Shape-conditioned Image Generation by Learning Latent Appearance Representation from Unpaired Data
This work addresses the challenge of shape-conditioned image generation for tasks like training data synthesis in computer vision, offering a novel approach that improves control over object shapes beyond category labels.
The paper tackles the problem of generating images with detailed control over object shapes, which existing methods only provide limited control over categories, by introducing SCGAN that uses a latent appearance vector and unpaired training data to generate images of arbitrary object categories with target shapes and diverse appearances, showing effectiveness through qualitative and quantitative evaluations.
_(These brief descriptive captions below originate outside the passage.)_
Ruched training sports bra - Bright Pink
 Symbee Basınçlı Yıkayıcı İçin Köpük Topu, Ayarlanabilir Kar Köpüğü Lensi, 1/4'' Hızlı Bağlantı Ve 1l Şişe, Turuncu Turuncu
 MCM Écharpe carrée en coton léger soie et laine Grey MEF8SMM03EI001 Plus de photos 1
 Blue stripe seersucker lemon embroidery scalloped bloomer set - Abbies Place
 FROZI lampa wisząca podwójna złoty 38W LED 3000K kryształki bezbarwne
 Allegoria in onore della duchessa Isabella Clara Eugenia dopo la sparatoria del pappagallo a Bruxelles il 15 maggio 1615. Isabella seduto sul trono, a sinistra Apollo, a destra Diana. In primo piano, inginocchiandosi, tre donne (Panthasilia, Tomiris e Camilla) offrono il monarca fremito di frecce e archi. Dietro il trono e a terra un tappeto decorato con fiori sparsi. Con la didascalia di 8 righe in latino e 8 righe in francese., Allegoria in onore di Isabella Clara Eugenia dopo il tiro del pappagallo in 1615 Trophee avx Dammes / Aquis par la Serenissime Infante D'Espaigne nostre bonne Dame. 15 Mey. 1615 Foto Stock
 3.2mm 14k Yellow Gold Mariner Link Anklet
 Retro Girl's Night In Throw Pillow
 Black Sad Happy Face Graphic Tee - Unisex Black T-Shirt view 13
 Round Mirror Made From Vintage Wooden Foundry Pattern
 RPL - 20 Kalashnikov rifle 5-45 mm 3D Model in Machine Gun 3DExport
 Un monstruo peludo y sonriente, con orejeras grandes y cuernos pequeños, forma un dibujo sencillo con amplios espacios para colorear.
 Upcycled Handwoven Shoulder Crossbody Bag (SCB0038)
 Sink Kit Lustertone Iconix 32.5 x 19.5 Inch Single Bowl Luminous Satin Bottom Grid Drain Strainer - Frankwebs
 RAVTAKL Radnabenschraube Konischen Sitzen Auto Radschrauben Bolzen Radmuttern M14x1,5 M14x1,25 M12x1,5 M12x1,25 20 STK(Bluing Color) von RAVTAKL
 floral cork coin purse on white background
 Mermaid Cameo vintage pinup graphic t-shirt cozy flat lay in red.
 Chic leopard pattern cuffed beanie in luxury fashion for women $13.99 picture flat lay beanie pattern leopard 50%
Conditional image generation is effective for diverse tasks including training data synthesis for learning-based computer vision. However, despite the recent advances in generative adversarial networks (GANs), it is still a challenging task to generate images with detailed conditioning on object shapes. Existing methods for conditional image generation use category labels and/or keypoints and are only give limited control over object categories. In this work, we present SCGAN, an architecture to generate images with a desired shape specified by an input normal map. The shape-conditioned image generation task is achieved by explicitly modeling the image appearance via a latent appearance vector. The network is trained using unpaired training samples of real images and rendered normal maps. This approach enables us to generate images of arbitrary object categories with the target shape and diverse image appearances. We show the effectiveness of our method through both qualitative and quantitative evaluation on training data generation tasks.